**WORK ORDER:**
From the data underneath, reproduce exactly the stretch that begins at the line with "Modernisierte Zwei-Zimmer-Wohnung mit" and ends after the line with "1512 Elm Avenue, Round Lake Beach, IL".

**DATA EXCERPTS:**
--- START ---

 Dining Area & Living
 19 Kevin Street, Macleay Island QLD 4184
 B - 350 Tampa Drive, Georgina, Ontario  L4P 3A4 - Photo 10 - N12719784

--- END ---
--- START ---

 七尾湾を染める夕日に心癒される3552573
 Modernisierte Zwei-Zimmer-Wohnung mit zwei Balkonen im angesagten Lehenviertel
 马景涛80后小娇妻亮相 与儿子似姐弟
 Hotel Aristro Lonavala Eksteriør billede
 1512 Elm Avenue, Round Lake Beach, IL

--- END ---

**RESPONSE BELOW:**
 Modernisierte Zwei-Zimmer-Wohnung mit zwei Balkonen im angesagten Lehenviertel
 马景涛80后小娇妻亮相 与儿子似姐弟
 Hotel Aristro Lonavala Eksteriør billede
 1512 Elm Avenue, Round Lake Beach, IL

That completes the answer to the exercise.